Quatrième étape : Préparer le dossier et les mémoires
Les appels interlocutoires se déroulent de la même façon que les appels finaux concernant le dossier. L'appelant doit ordonner des transcriptions et rassembler les dossiers pertinents. Les calendriers d'information sont souvent tronqués pour accélérer l'examen, parfois avec un cycle d'information de 30 jours. Parce que les appels interlocutoires se concentrent sur des questions distinctes, le dossier est généralement plus étroit que le dossier complet. Le mémoire de l'appelant doit argumenter à la fois sur l'appelabilité et sur le fond. L'appel peut contester l'appel comme motif de rechange.
Considérations stratégiques pour la poursuite d'un appel interlocutoire
En effet, si l'on décide de demander un recours interlocutoire, il faut équilibrer le risque d'inversion immédiate du coût du retard. D'une part, l'intervention en appel peut résoudre des questions juridiques non positives, comme si une prescription empêchait la demande, potentiellement mettre fin à l'affaire sans procès. D'autre part, les recours interlocutoires peuvent être coûteux et retarder le litige sous-jacent. Le tribunal de district peut suspendre l'affaire en cours d'appel, en prolongeant la résolution. De plus, les chances d'obtenir l'autorisation du tribunal de circuit ne sont pas élevées; de nombreux circuits acceptent moins de 10 % des requêtes en vertu de l'article 1292.b).

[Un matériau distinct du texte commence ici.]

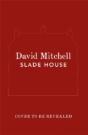 Slade House - Preview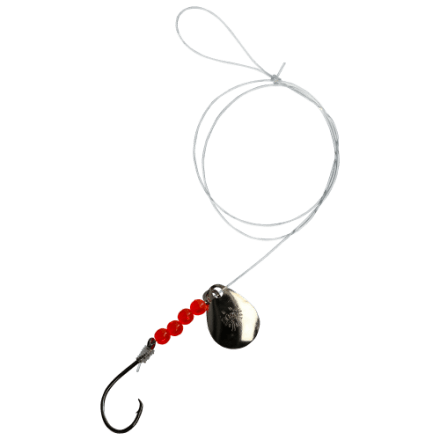 best fishing hooks on the market Choosing the Right Fishing Hook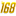 saint-ex.com logo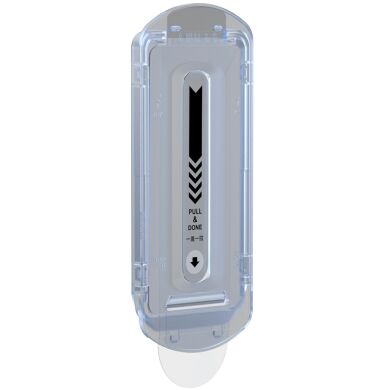 Захисне скло NILLKIN Amazing H+ Pro AR Tempered Glass для Samsung Galaxy S26 Plus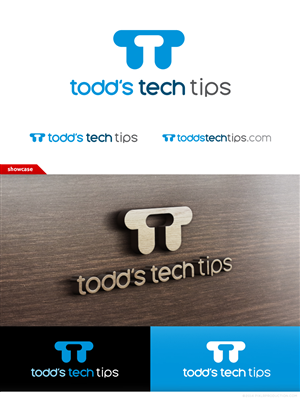 Logo Design by Creathrive for this project | Design: #4172450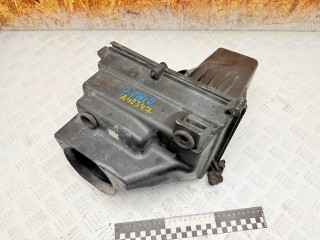 корпус воздушного фильтра Jeep Cherokee 5 поколение 2016, 2.0 л., EBT, дизель, АКПП, внедорожник 5 дв., 52022357AB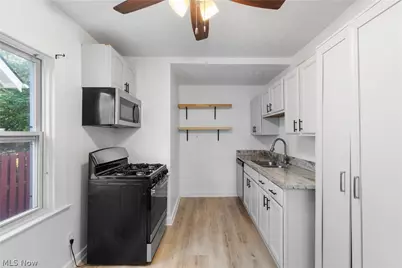 3005 Colburn Avenue, Loveland, OH 44109 - Photo 16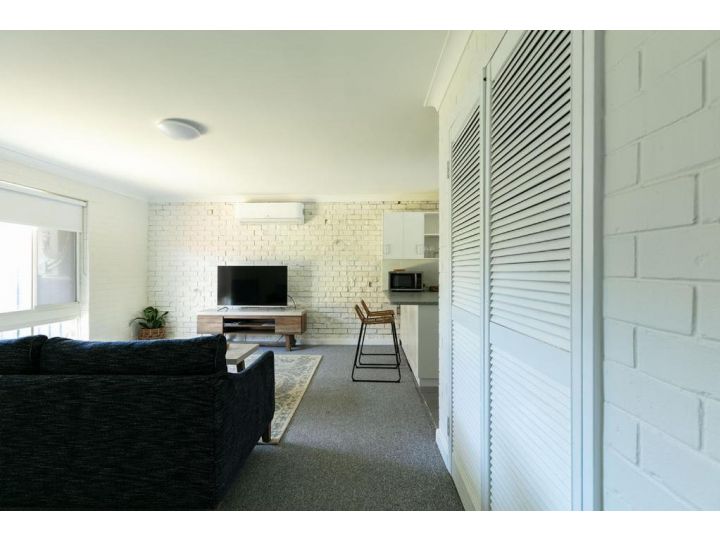 Apparition Apartments Apartment, Geraldton - imaginea 8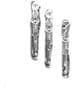 Heavy Duty Power Connectors - 3-1108757-1 - VAST STOCK CO., LIMITED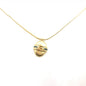 Givenchy Pendant Necklace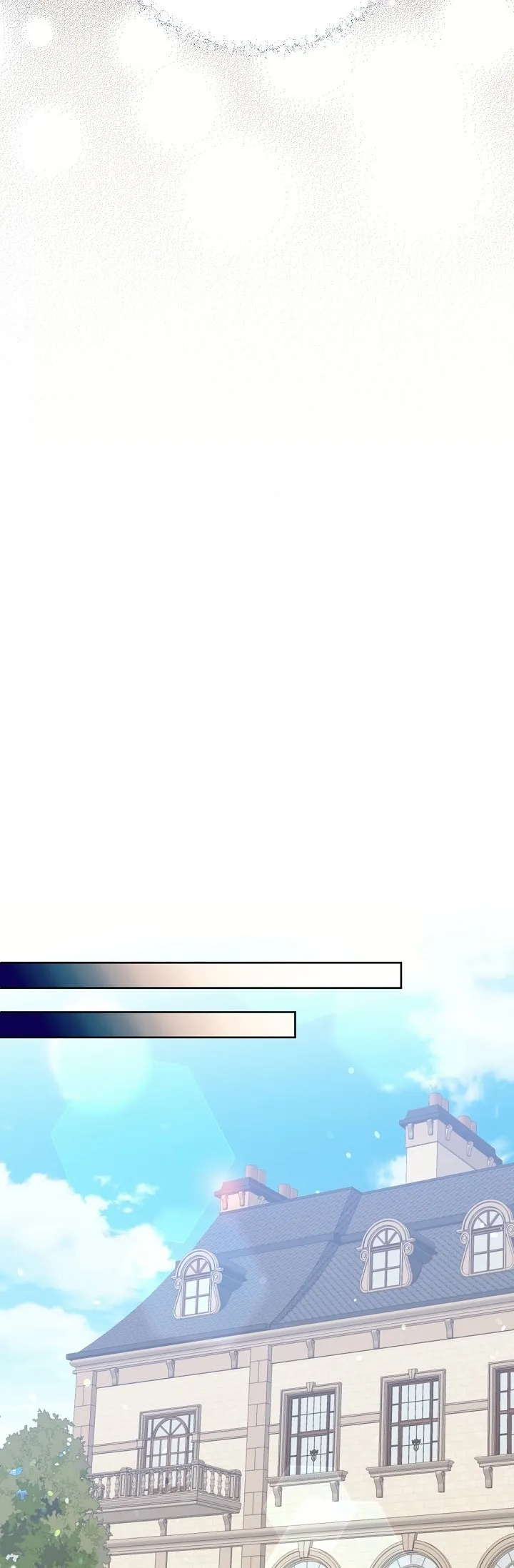 MjQwMUpOTlI4TUE3N0NDOQ.FiLXDuIYwa11lxdq908D EsHVd43vz4wI1R2NsnNnGTxlZbSo0IKezNSrvJb fK H7ff6zLc I4oAYJJBPLLEg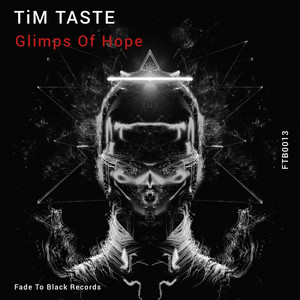 Direction by TiM TASTE cover art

Les litiges doivent également considérer que l'appel peut alerter les juges en appel d'une faiblesse qui pourrait nuire à l'affaire.

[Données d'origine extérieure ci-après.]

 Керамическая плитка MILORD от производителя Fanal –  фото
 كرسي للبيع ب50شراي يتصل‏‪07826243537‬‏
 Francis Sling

Différences entre les recours interlocutoires fédéraux et étatiques
Les systèmes d'État varient considérablement. Certains États, comme New York, autorisent les appels interlocutoires à droite d'ordonnances portant atteinte à un droit substantiel dans une procédure spéciale, tandis que d'autres limitent strictement les recours aux jugements définitifs et exigent l'autorisation de toutes les ordonnances interlocutoires. La Californie, par exemple, autorise l'appel immédiat d'une ordonnance refusant une requête en jugement sommaire si la requête était fondée sur une défense qui interdirait complètement l'action (Code Civ. Proc. §437c(m)(1)). Le Texas autorise les appels interlocutoires d'ordonnances accordant ou refusant des injonctions, des séquestres et certaines contestations juridictionnelles. La Floride autorise les appels interlocutoires d'ordonnances non définitives qui concernent le lieu, la juridiction ou la nomination d'un séquestre. Certains États ont adopté des procédures de comptabilisation semblable à l'article 1292b), où le tribunal de district peut certifier une question à examen immédiat.
Conclusion
Les appels interlocutoires civils sont un outil puissant mais limité dans les litiges. Ils permettent de résoudre rapidement les questions juridiques critiques, ce qui peut faire gagner du temps et des ressources, mais ils ne sont pas disponibles pour chaque ordre contesté. L'avocat doit évaluer avec soin si l'ordre peut être jugé en vertu du droit fédéral ou d'un droit d'État, suivre les étapes procédurales précises et peser les compromis stratégiques. En comprenant le cadre législatif et doctrinal, les parties peuvent prendre des décisions éclairées quant au moment où elles doivent demander un examen immédiat et au moment où elles doivent attendre un jugement final.